Rabu, 30 Oktober 2013

Ukiran Rumah Batak Toba


Ukiran Unik di Rumah Adat Batak

Bila masa kini umumnya rumah-rumah dibangun minimalis, maka di masa lalu keberadaan ornamen menjadi bagian desain arsitektur yang menarik. Tak heran bila saat ini banyak orang yang senang melihat kembali rumah-rumah tradisional di berbagai tempat. Bagi mereka yang berencana untuk berkunjung menyaksikan Festival Danau Toba 8-14 September 2013, berwisata ke rumah-rumah adat Batak adalah kesempatan emas yang tak boleh dilewatkan.
Bicara soal rumah adat Batak, tak bisa dilupakan keberadaan gorga, ukiran khas suku Batak. Walaupun ukiran tersebut juga terdapat pada sejumlah alat musik tradisional Batak, namun gorga lebih dikenal sebagai ornament penting yang terdapat pada bagian luar rumah adat Batak.
Gorga memang dikenal sebagai karya seni ukir, namun pada kenyataannya seni lukis juga berperan penting dalam keberadaan gorga. Lukisan itu lebih dalam bentuk pengecatan yang senada. Gorga itu dihiasi (dicat) dengan tiga warna, merah (narara), putih (nabontar) dan hitam (nabirong). Warna merah melambangkan ilmu pengetahuan dan kecerdasan yang berbuah kebijaksanaan. Warna putih melambangkan ketulusan dan kejujuran yang berbuah kesucian. Wama hitam melambangkan kerajaan dan kewibawaan yang berbuah kepemimpinan.
Sebelum orang Batak mengenal cat seperti sekarang, untuk mewarnai gorga mereka memakai "batu hula" untuk warna merah, "tano buro" (sejenis tanah liat tapi berwana putih) untuk warna putih, dan untuk warna hitam didapat dengan mengambil minyak buah jarak yang dibakar sampai gosong. Sedangkan untuk perekatnya digunakan air taji dari jenis beras yang bernama beras Siputo.
Selain gorga, rumah Batak juga dilengkapi dengan ukiran lain yang dikenal sebagai "singa-singa", suatu lambang yang mengartikan bahwa penghuni rumah harus sanggup mandiri dan menunjukkan identitasnya sebagai rnanusia berbudaya. Singa-singa berasal dari gambaran "sihapor" (belalang) yang diukir menjadi bentuk patung dan ditempatkan di sebelah depan rumah tersebut.

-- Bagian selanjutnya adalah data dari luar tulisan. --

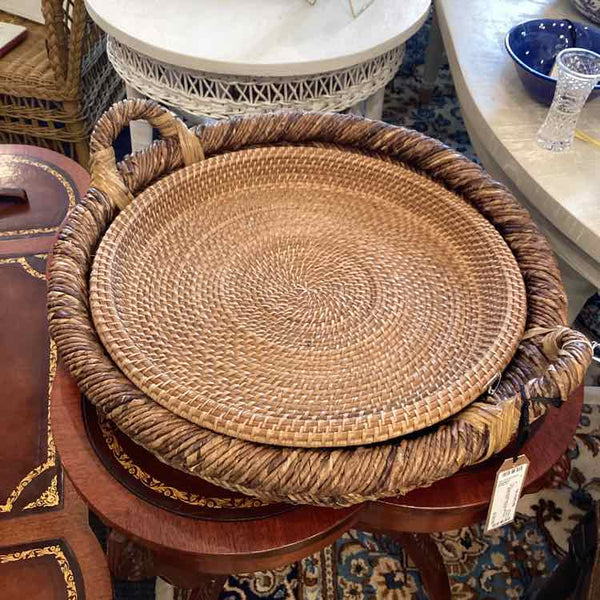 Oversized Wicker Tray with Insert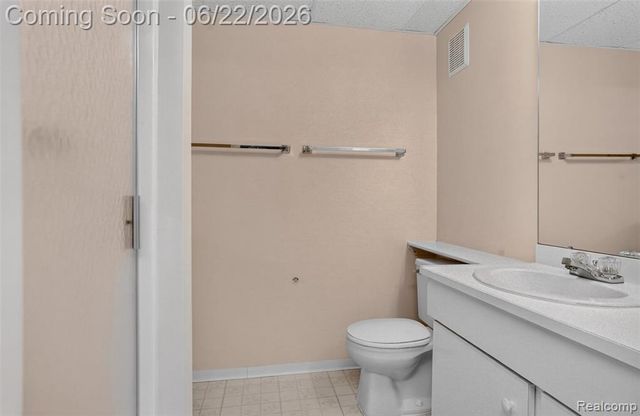 6190 Celeste Road, West Bloomfield, MI 48322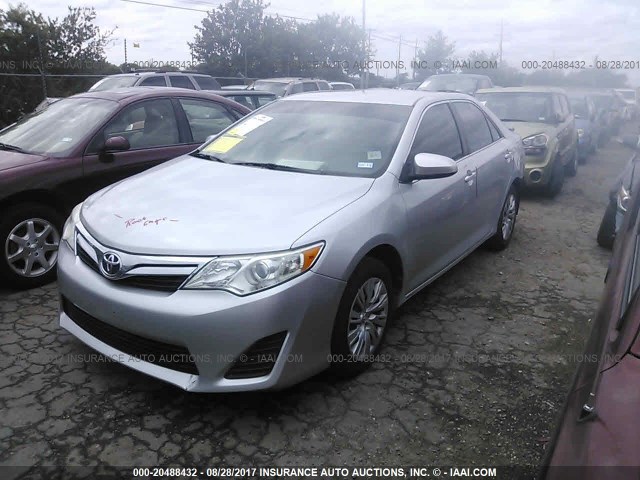 4T1BF1FK4CU090249 - 2012 TOYOTA CAMRY SE/LE/XLE SILVER photo 2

Belalang tersebut ada dua jenis yaitu sihapor lunjung untuk singa-singa Ruma dan sihapor gurdong untuk rumah Sopo.
Hal ini dikukuhkan dengan filsafat warga setempat, "Metmet pe sihapor lunjung di jujung do uluna". Itu berarti, meskipun kondisi dan status sosial pemilik rumah tidak terlalu beruntung, namun harus selalu tegar dan mampu untuk menjaga integritas dan citra nama baiknya.
Suatu pelajaran berharga yang seharusnya tetap menjadi keyakinan manusia modern saat ini. Bukan hanya untuk warga Batak, tetapi untuk umat manusia secara keseluruhan. Selalu menjaga integritas dan nama baik tiap individu.